Kitchen and bathroom renovations consistently deliver the strongest return on investment for Sydney homeowners, typically returning 50 to 80 percent of spend at resale. But not every renovation adds value equally. The type of project, your property’s location, and how you approach the renovation all shape whether you walk away with a profit or lose money through over-capitalisation.
At residential renovation services, we help homeowners across the Sutherland Shire and Georges River region make smart renovation decisions. Here is a breakdown of which projects add the most value and which ones to approach with caution.
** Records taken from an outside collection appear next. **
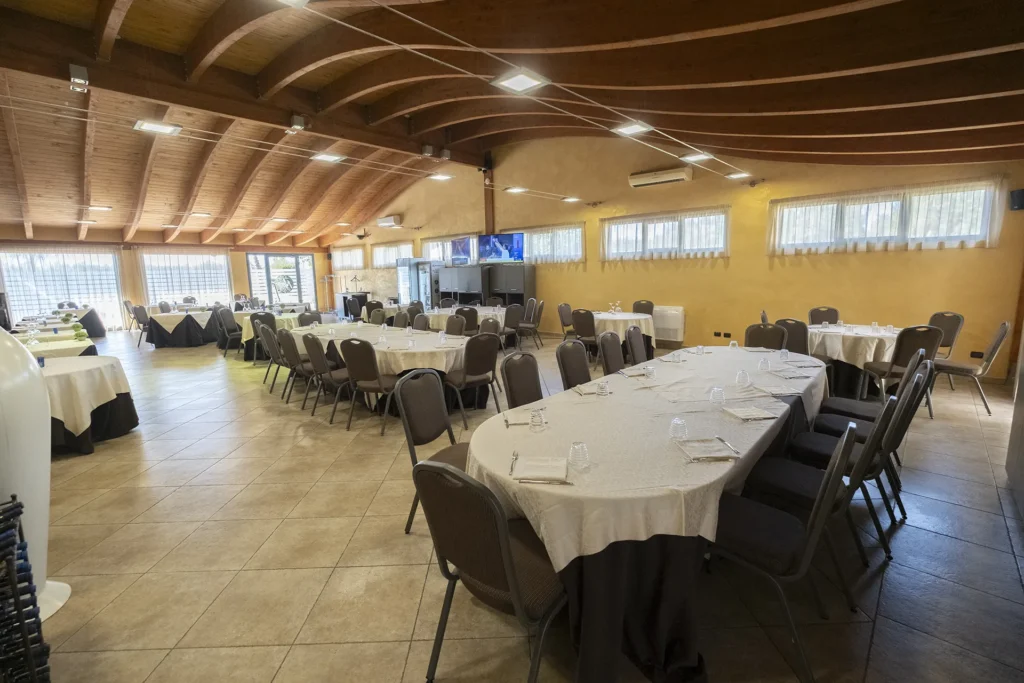 Spacious restaurant with curved wooden beams, round and rectangular tables set with white tablecloths and glasses, neatly arranged upholstered chairs, large windows letting in natural light, wall-mounted televisions, and a welcoming atmosphere ideal for breakfast, lunch, and dinner at the hotel.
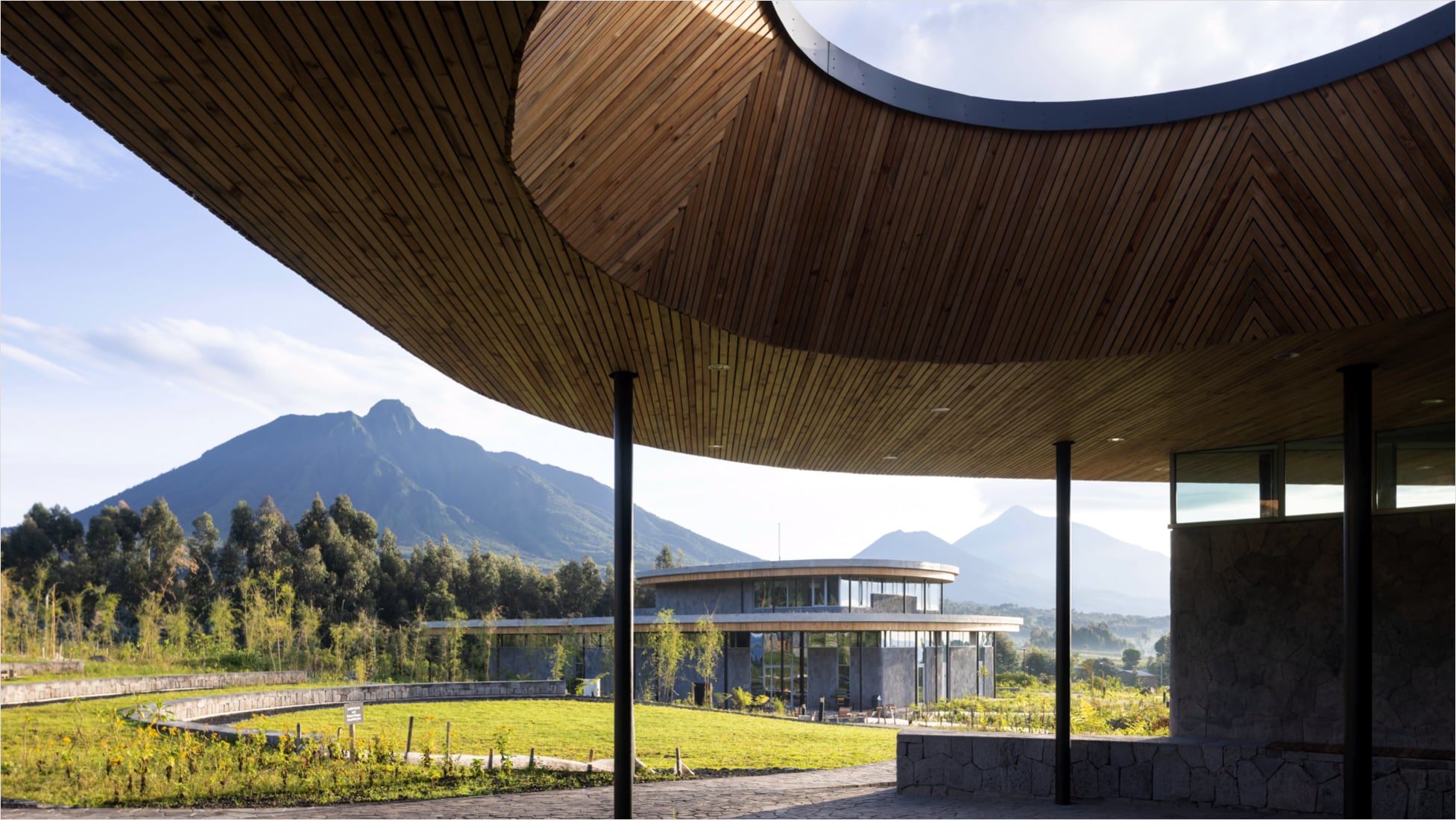 Ground view from the patio of one of the buildings of The Ellen DeGeneres Campus of the Dian Fossey Gorilla Fund in Rwanda. Foreground: Stone patio ground with curved, wood-paneled roof with large, round opening in the top, supported by thin black poles. Background: Another campus building in the distance, surrounded by green grass, a stone retaining wall, and a thick row of trees, with a large mountainous range in the background — sunny skies with scattered clouds.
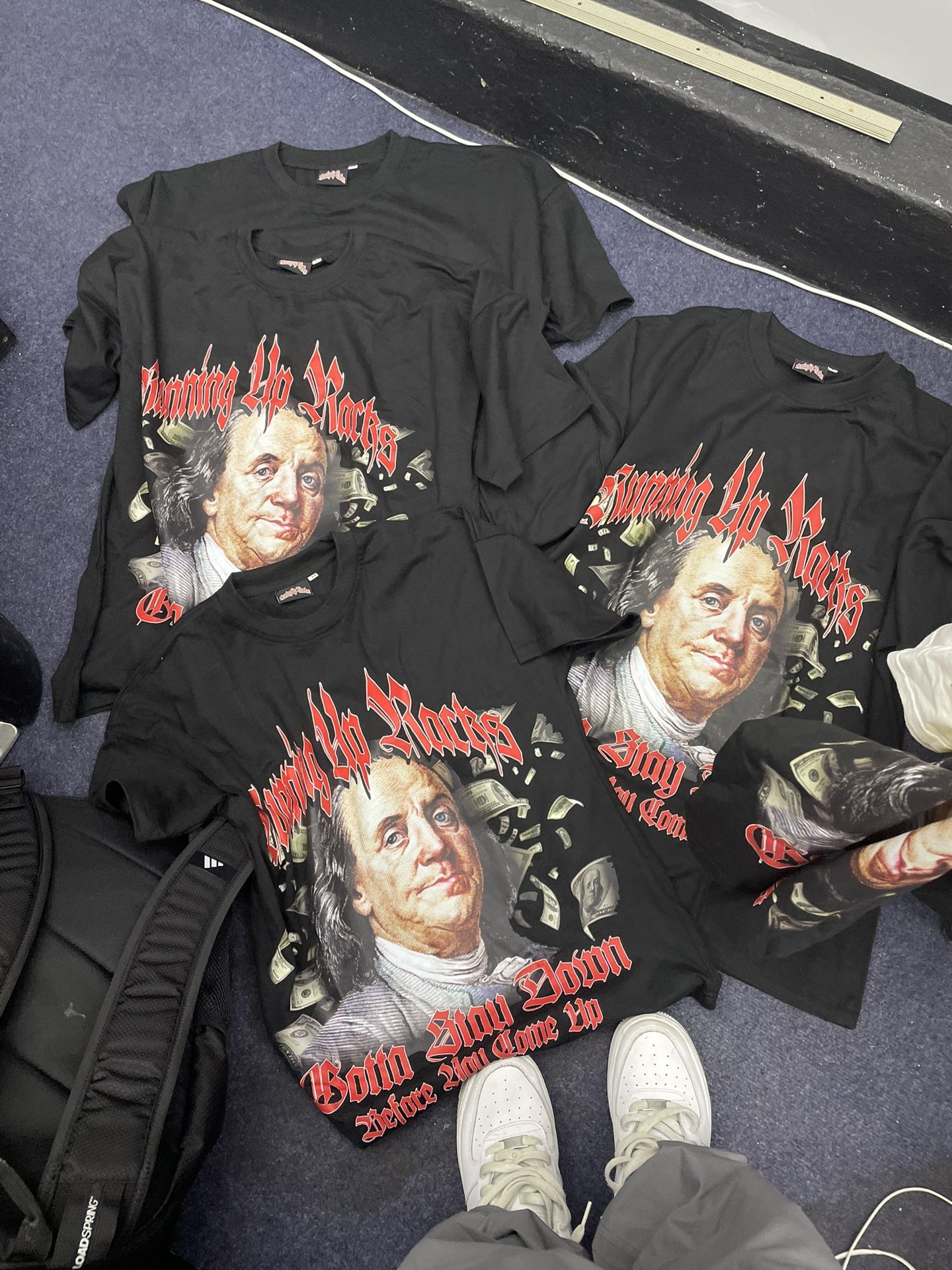 “RUNNING UP RACKS” Benjamin Franklin Tees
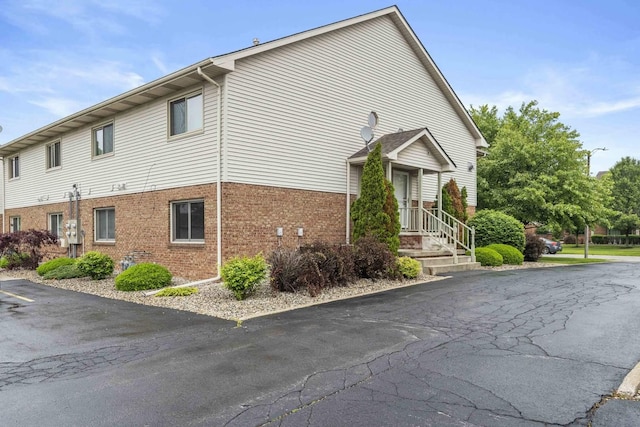 9810 Parkway Dr None, Unit None, Highland, IN 46322 - view of property exterior with brick siding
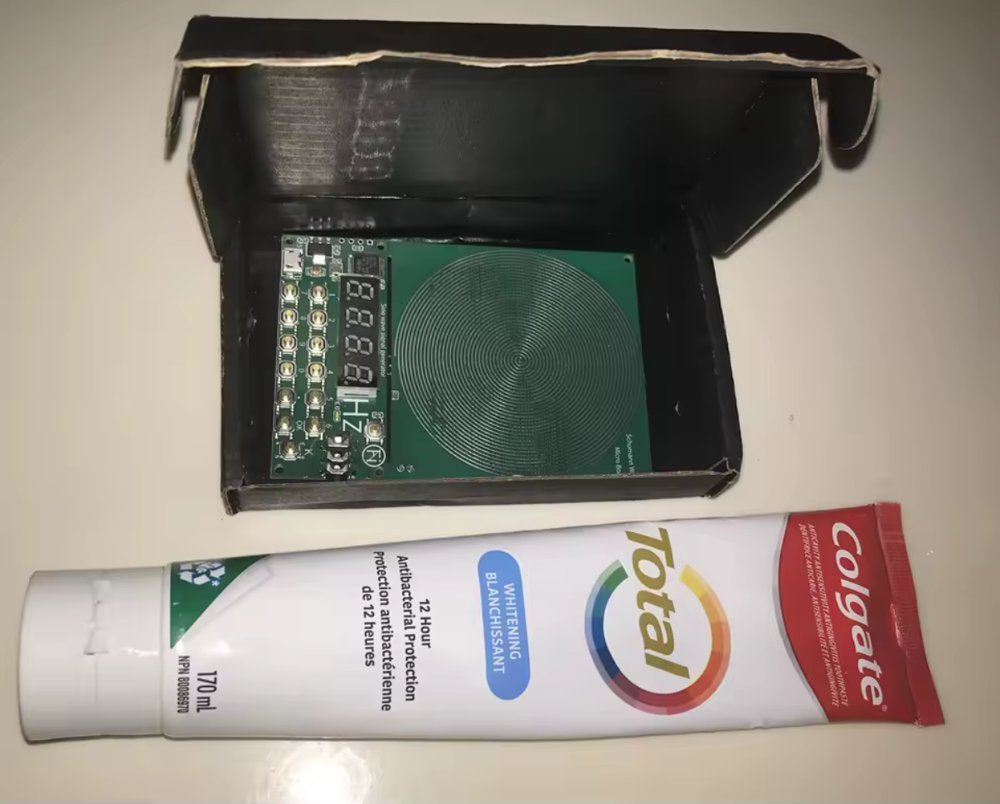 Generator in its box next to a toothpaste tube for scale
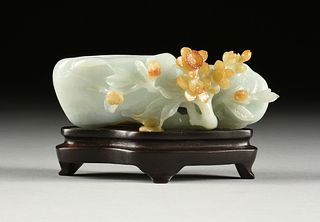 A CHINESE CELADON AND RUSSET JADE "PEACH AND BLOOMS" BRUSH WASHER, LATE QING DYNASTY, CIRCA 1900,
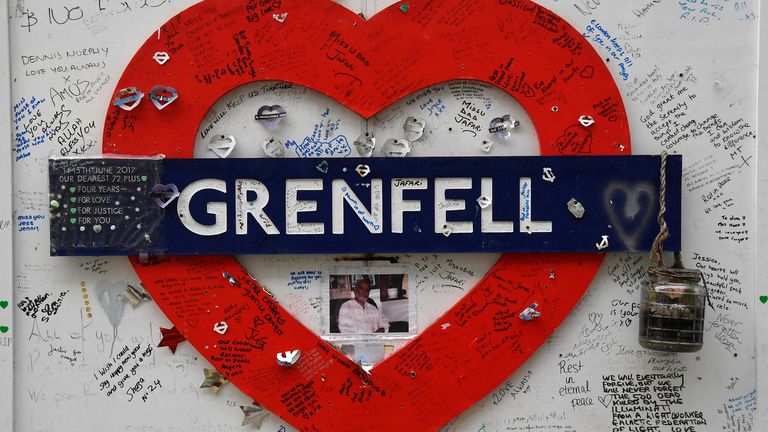 Messages of condolence are seen on temporary hoardings near the Grenfell Tower, after it was announced Britain&#39;s government will seek an extra 4 billion pounds ($5.4 billion) from property developers to fund repairs to dangerous apartment blocks, in the wake of a fire that killed more than 70 people at Grenfell in 2017, in London, Britain, January 10, 2022. REUTERS/Toby Melville
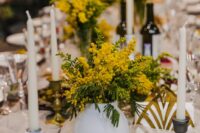 49 mimosa wedding centerpieces dotting the table will give it color and interest, try them out for a spring or summer wedding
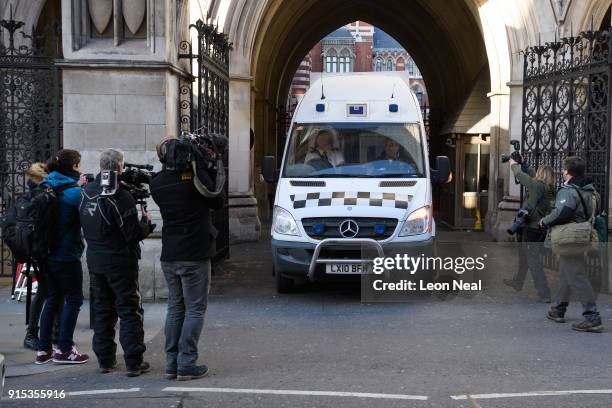 Members of the media look on as a prison van carries convicted rapist John Worboys from the High Court on February 7, 2018 in London, England. A...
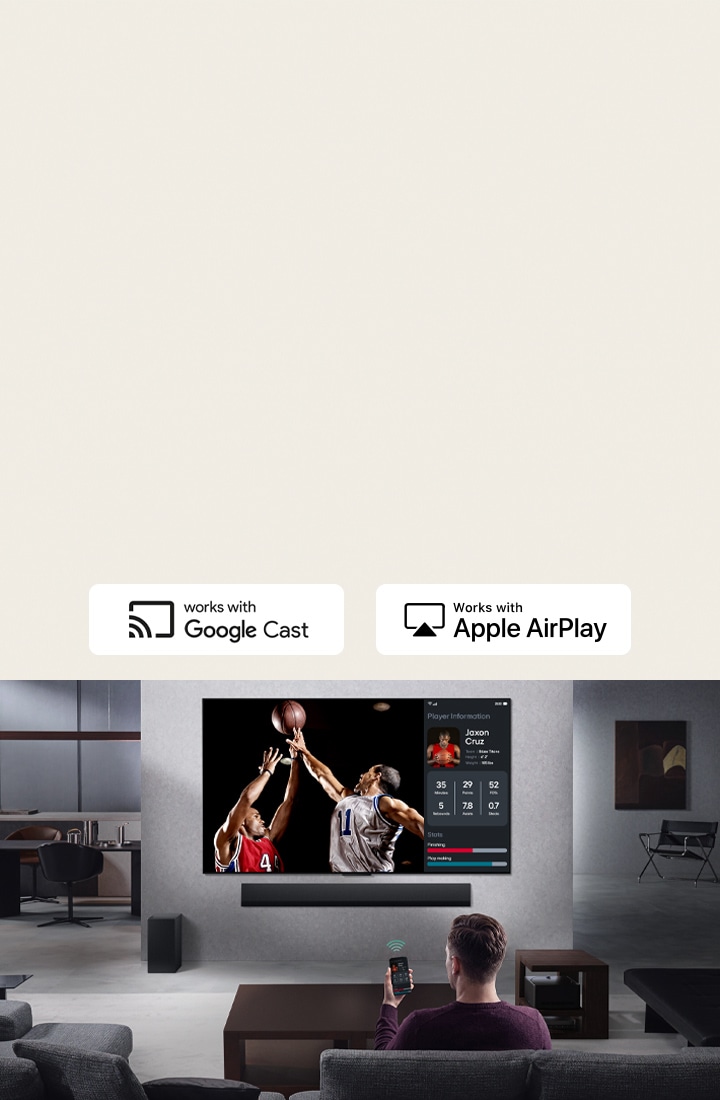Person in their living room holding their phone. On the phone is a transmitting icon showing that the phone screen is being mirrored on the TV. On the TV is a basketball game to the side is the mirrored screen, showing player statistics.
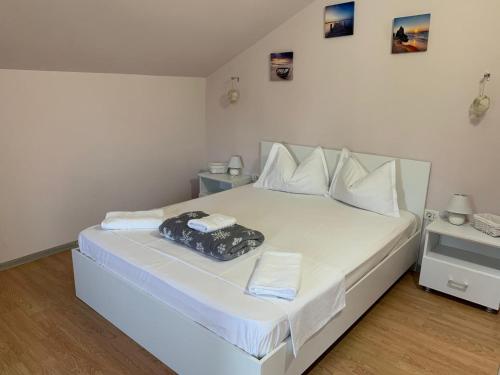 Una cama blanca con una bolsa encima. en R i A N A 2, en Eforie Sud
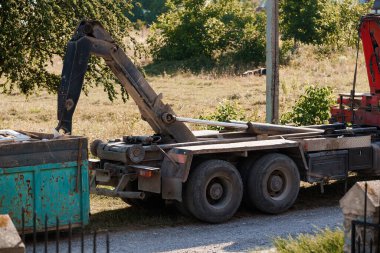 Paslı yeşil bir konteynır gri asfalt yolun yanındaki çimenli bir arazide bulunan hidrolik kollu büyük bir vinç kamyonuna yükleniyor. Sahne endüstriyel temizlik, atık yönetimi ve geri dönüşüm faaliyetlerini iletir
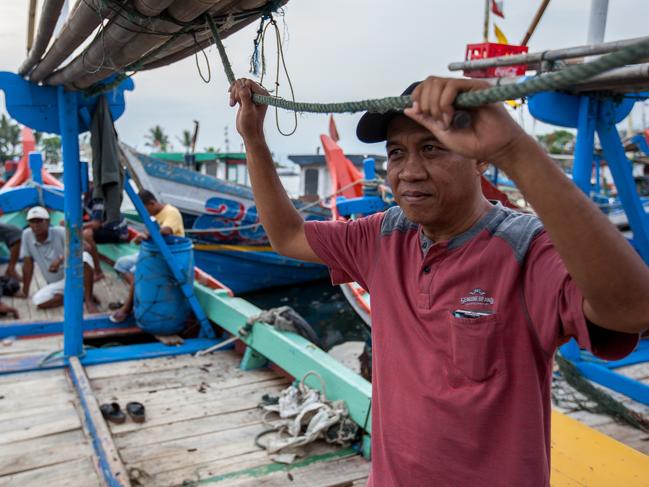 13 February 2019,Pelabuhan Ratu,Sukabumi Regency, West Java, Indonesia. Local fisherman Yosep on his boat at the crowded fishing port at Pelabuhan Ratu. His brother has been jailed in Australia on charges of people smuggling from the area. Now  local fisherman say that people smugglers have not been active in the area for a long time in the wake of the Australian Government's concern that boats will once again start trafficking people to Australia with the new Medical legislation that has been passed. Picture by Graham Crouch/The Australian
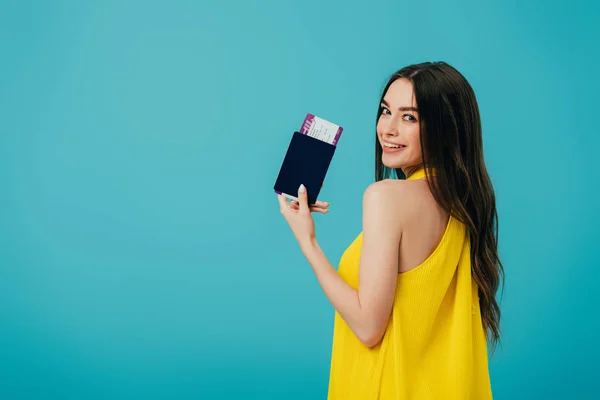 Back view of happy brunette woman in yellow dress holding passport with air ticket isolated on turquoise — Stock Photo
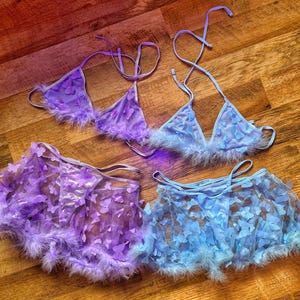 May include: Two sets of lingerie with butterfly designs. One set is light blue and the other is purple. Both sets have a matching bra and skirt with a fluffy trim.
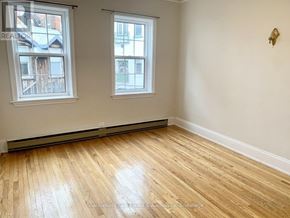 Stratford multi-family for rent - A room with wooden flooring and two windows.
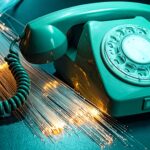Vintage rotary telephone with glowing fiber optic cables representing modern VoIP and Asterisk telephony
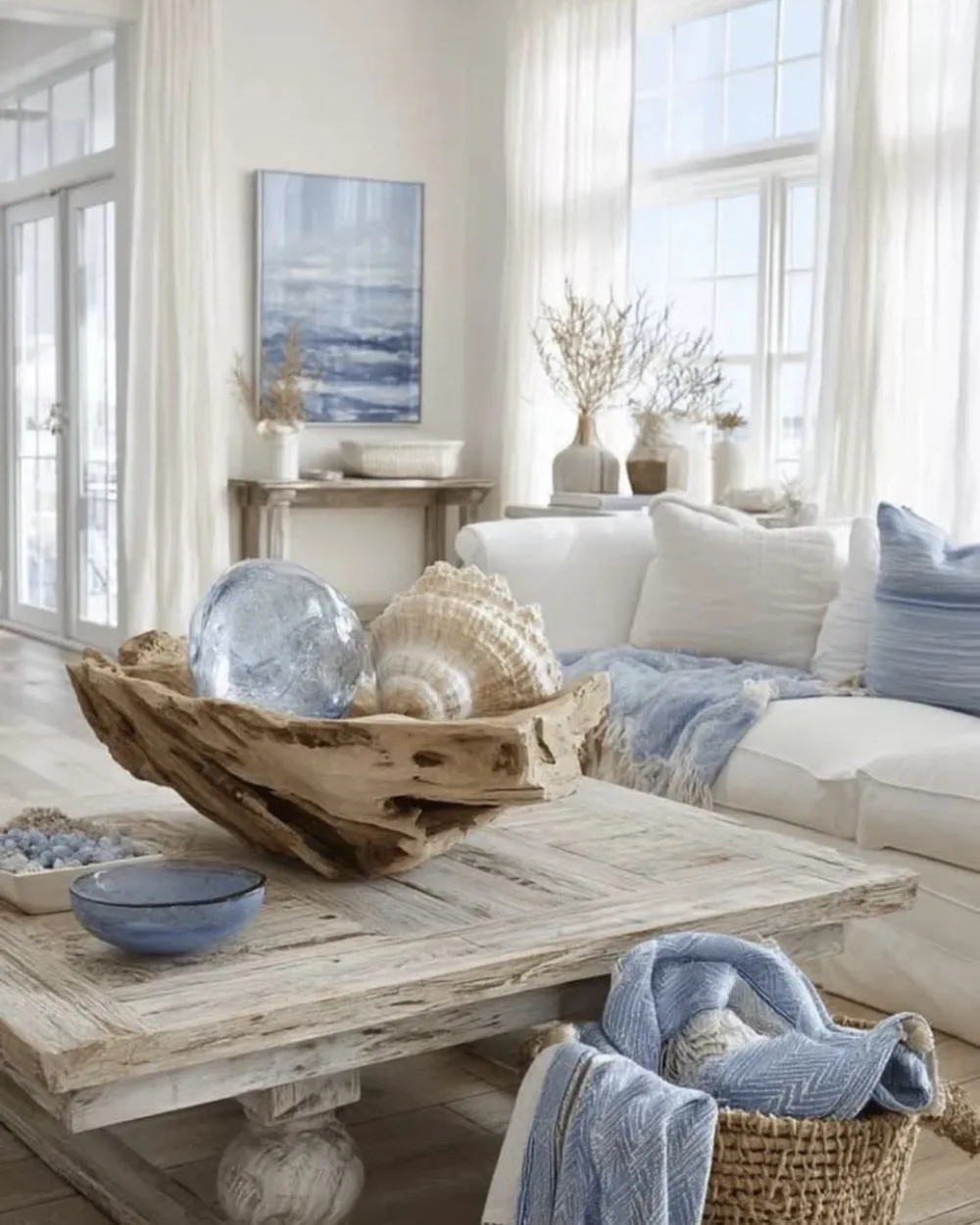 Light coastal living room with white sofa, weathered wood coffee table, seashell decor, and blue accents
What is renovation ROI and why does it matter?
Renovation ROI measures how much of your renovation spend you recoup when you sell your home. A renovation with 70 percent ROI means a $50,000 project adds roughly $35,000 to your sale price. Understanding this helps you prioritise projects, especially if you plan to sell within 5 to 10 years.
ROI is not the only reason to renovate. Many homeowners renovate for lifestyle, comfort, or growing families. But knowing the numbers lets you make informed choices about where your budget goes. If you are weighing up your options, our guide on home renovation costs in Sydney is a useful starting point.
Which renovations deliver the highest return in Sydney?
Do kitchen renovations add value?
Kitchens deliver a 50 to 80 percent return on investment, making them one of the strongest value-add renovations you can complete. Buyers treat kitchens as a non-negotiable focal point when assessing a property. A dated kitchen can knock tens of thousands off a sale price, while a modern, functional kitchen lifts the entire home’s appeal.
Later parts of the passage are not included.